BBC's Emily Maitlis Reveals Just How Frustrating Interviewing Politicians Is In 2019

The Newsnight presenter said: “I’m not entirely sure it matters what question you ask Boris Johnson..."
PA Media: Entertainment

The BBC’s Emily Maitlis has delivered a scathing assessment of the country’s politicians, claiming they never answer questions, say the complete opposite of what they really think and reduce political debate down to three-word slogans.

The Newsnight presenter, who has worked as a journalist at the BBC for nearly 20 years, said she now “appreciated” those who are able to do the bare minimum required in an interview – answer a question.

Asked how she would prepare to interview the prime minister, Maitlis replied: “I’m not entirely sure it matters what question you ask Boris Johnson

“Nevertheless, I think increasingly I have really come to appreciate the people or the politicians or the interviewees of any stripe and size who are able to answer a question and it seems such a small gentle thing to demand in 2019 but it has actually become the biggest ask we can make.”

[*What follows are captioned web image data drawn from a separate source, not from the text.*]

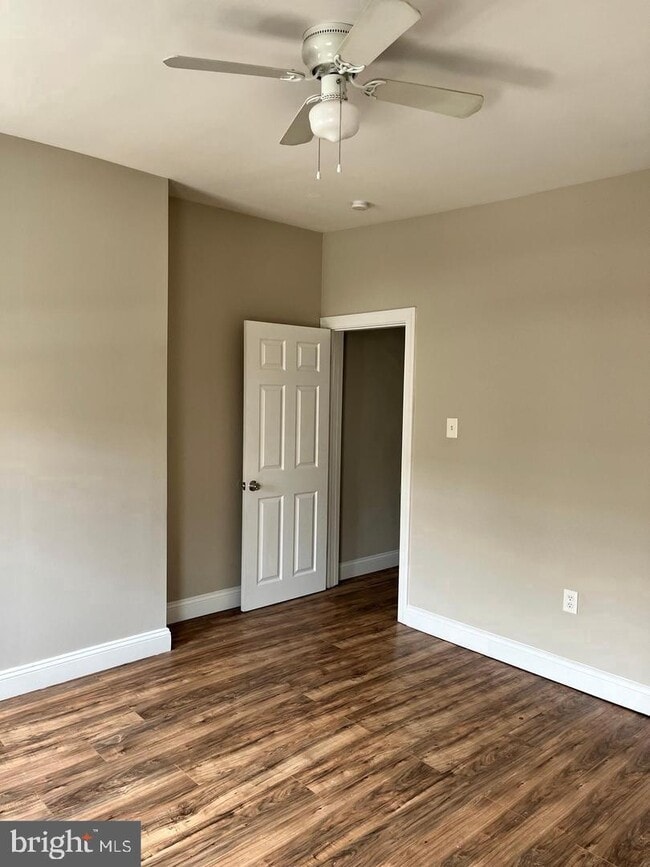 Building Photo - 6171 Glenmore Ave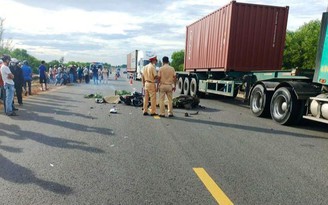 Quảng Nam: Xe máy đối đầu, 2 người chết, 1 người bị thương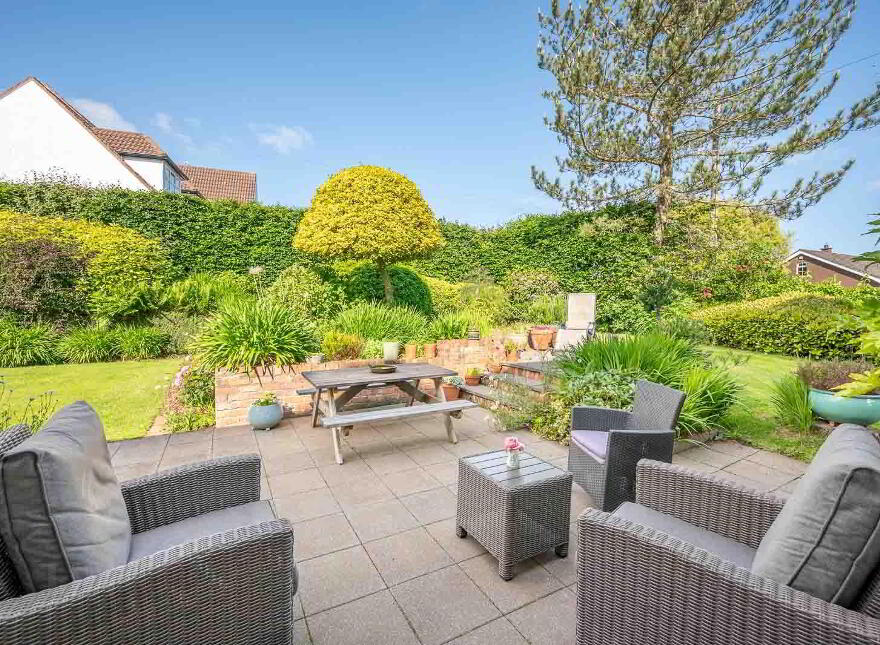 10 Stockbridge Road, Donaghadee, BT21 0PN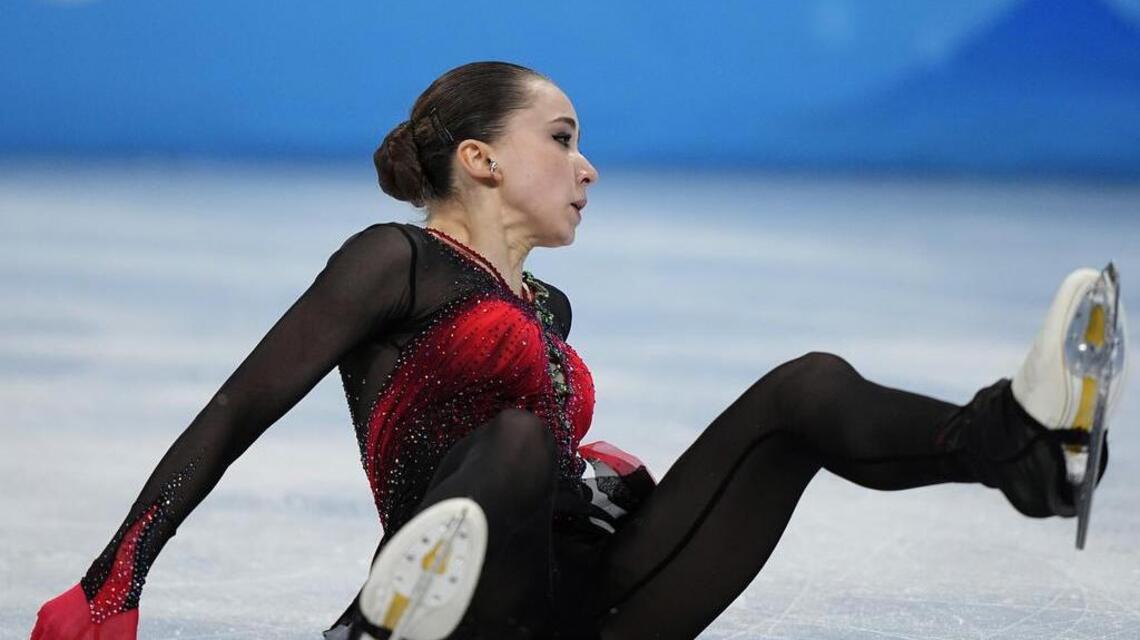 Valíeva acaba cuarta y queda fuera del podio de patinaje artístico de Pekín 2022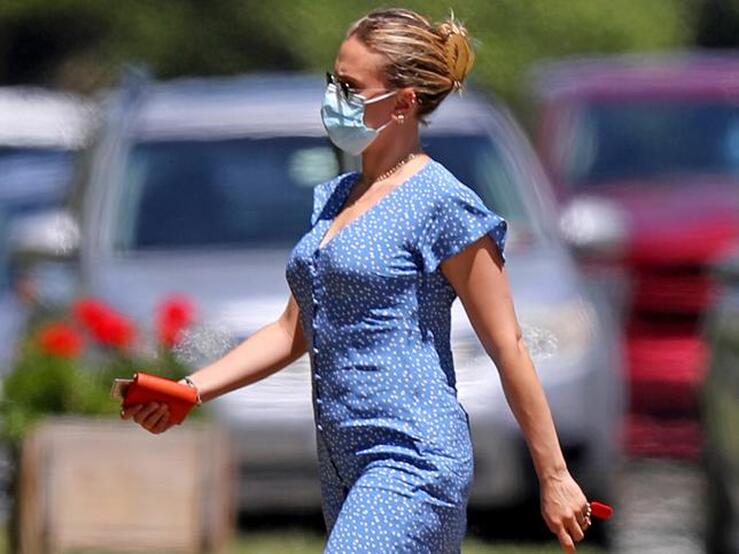 Fotos: Los vestidos de inspiración campestre como el que lleva Scarlett Johansson que ya puedes encontrar en las rebajas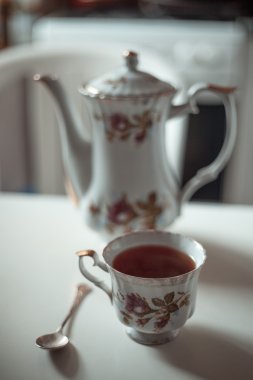 Güzel vintage çay servisi mutfak masasında.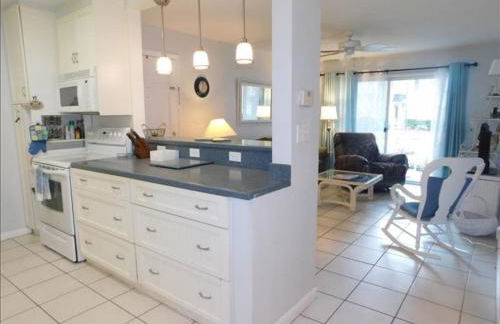 H5 close to the front pool and clubhouse downstairs by lake - Foto 11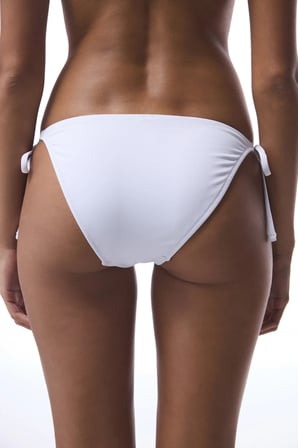 Beyaz Nakışlı Bikini Altı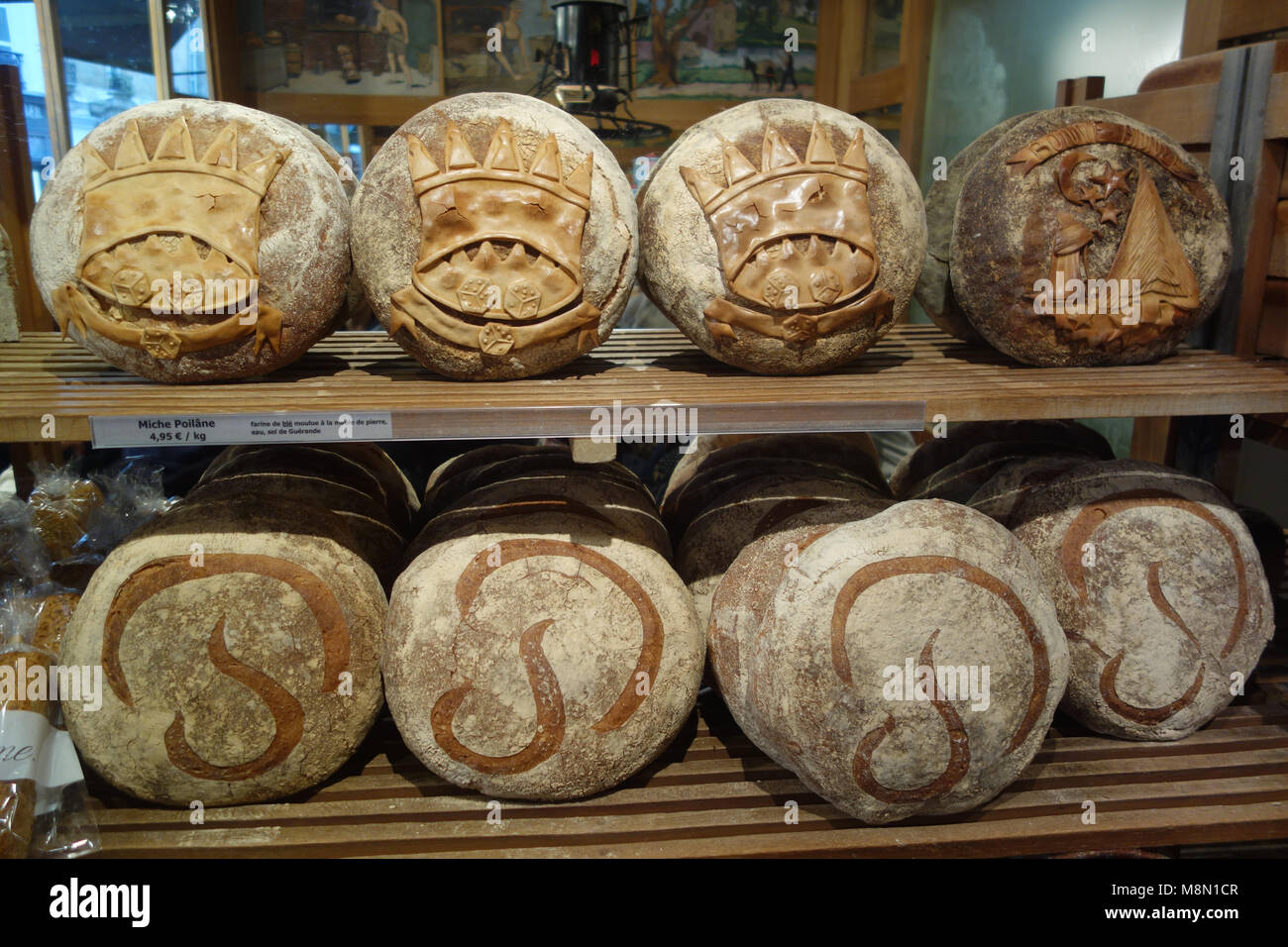 Jan 2, 2018 - Die Marke &amp;quot;P&amp;quot; auf einem runden Sauerteig land Brot ...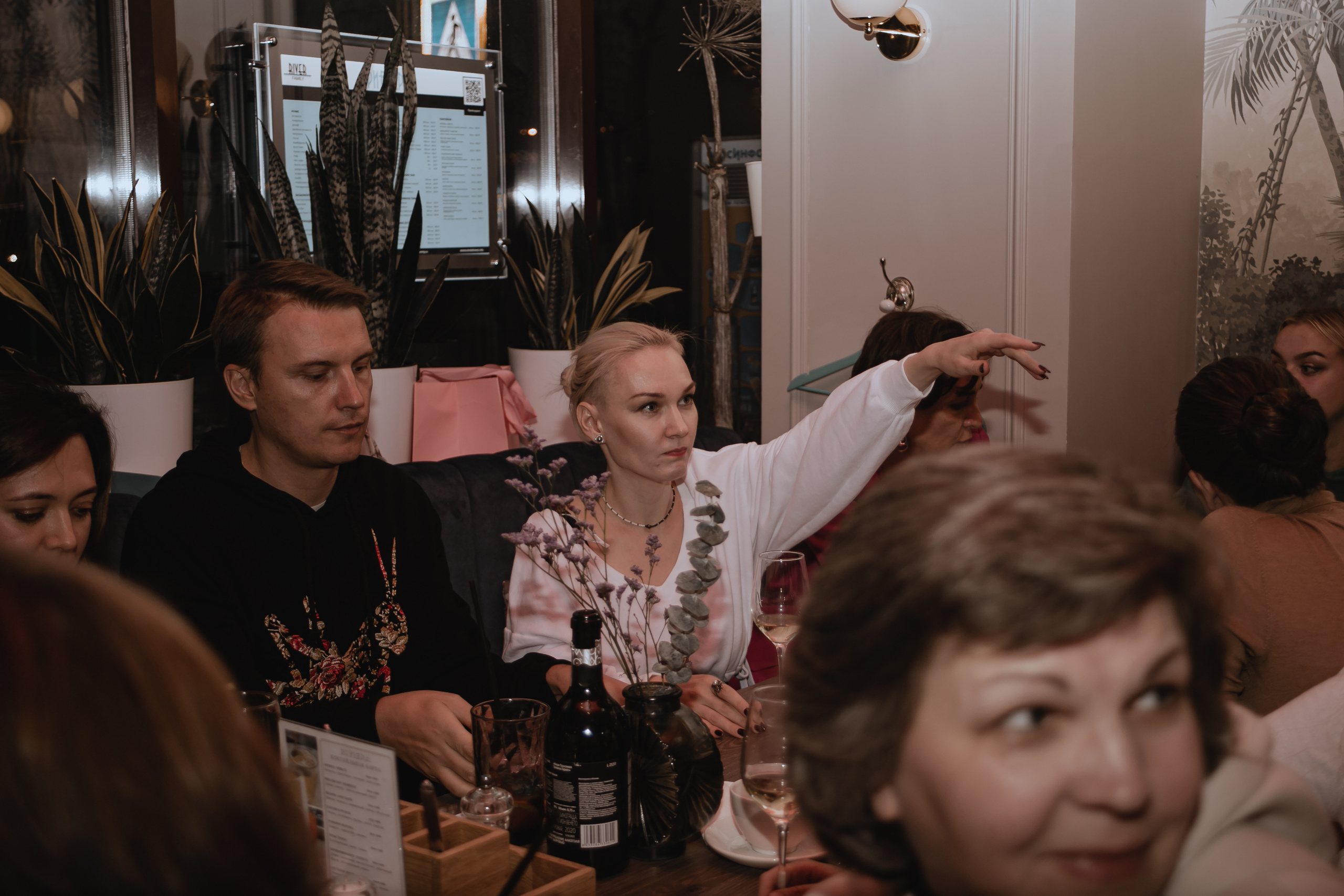 Винная дегустация. Бренд‑фотограф в Москве | Rina _Sphoto — личный и бизнес‑контент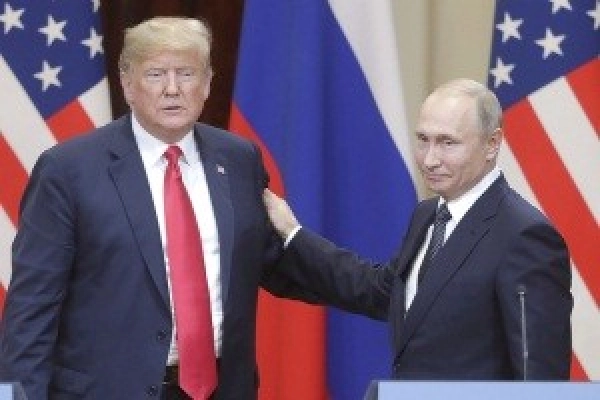 Путин предложил президенту США провести референдум в Донбассе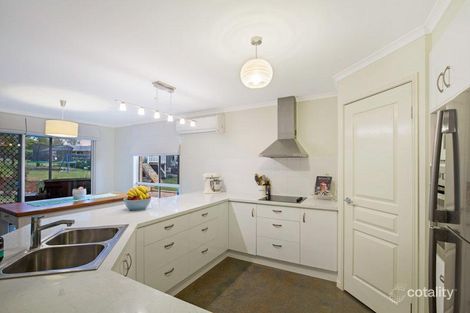 Property photo of 1 Rosella Gardens Drive Meringandan West QLD 4352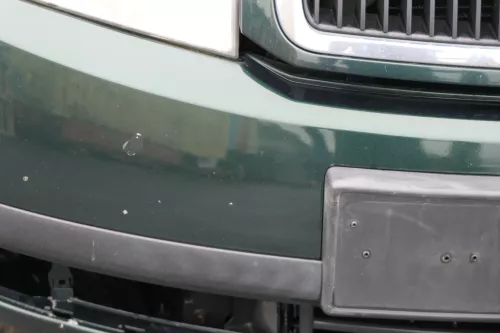 Skoda Fabia 6Y Stoßstange Stoßfänger vorne silber grün LF8C 2000-2004 (184735)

Reflecting on what changes she has seen in her career, Maitlis said: “I think what I notice now is that a lot of the things that are said to us on camera on air are not particularly believed and quite often not true and its an extraordinary position to be in when you’ve had WhatsApp messages, text messages off record.

“The stuff we have been told off record tends to be the stuff that is true and the stuff we are told on record on camera tends to be the stuff that is not so true.”

Maitlis was speaking at the Cheltenham Literature Festival to promote her new book Airhead, which is a reflection on her career, PA Media reports.

She went on to highlight recent examples of interviews with cabinet ministers discussing Theresa May’s attempts to get her Brexit Withdrawal Agreement through parliament.

“It’s a really weird position to be in as a journalist because quite often you can be sitting there interviewing somebody and they say, ‘There’s absolutely no doubt we are going to get Theresa May’s deal through… stop being a pessimist and be an optimist… and we are going to get the numbers and it’s absolutely ridiculous to say we haven’t…’,” Maitlis said.

“They the camera stops running and I go, ‘So how many do you think you’re going to lose by?’ and they reply, ‘About 80’.

“And you think, ‘Wow, that was three seconds later’. The hard thing is what is my job? I don’t want to be cosy with the guy who I know isn’t saying the truth to the viewer.

“I want to be able somehow to tell the viewer that I am trying to get the answers.”

She added: “Somehow we have to be able to indicate to our audience that we know how frustrating it is when the answers they are hearing are necessarily the answers that the person speaking them believes.”

Maitlis said that if she called politicians out then she had lost, saying she simply asks them “how”.

She said: “In the last week you will have seen the banners ‘Get Brexit Done’ and it’s a brilliant slogan from a marketing perspective.

“I was interviewing a cabinet minister and he kept saying ‘Get Brexit Done’ and I said, ‘Great, just explain to me how?’

“There is an infantilisation of language now where we think three words shuts down debate and that kind of panics me. We cannot fall into the trap of just allowing the slogan to shut down debate because that’s my job.”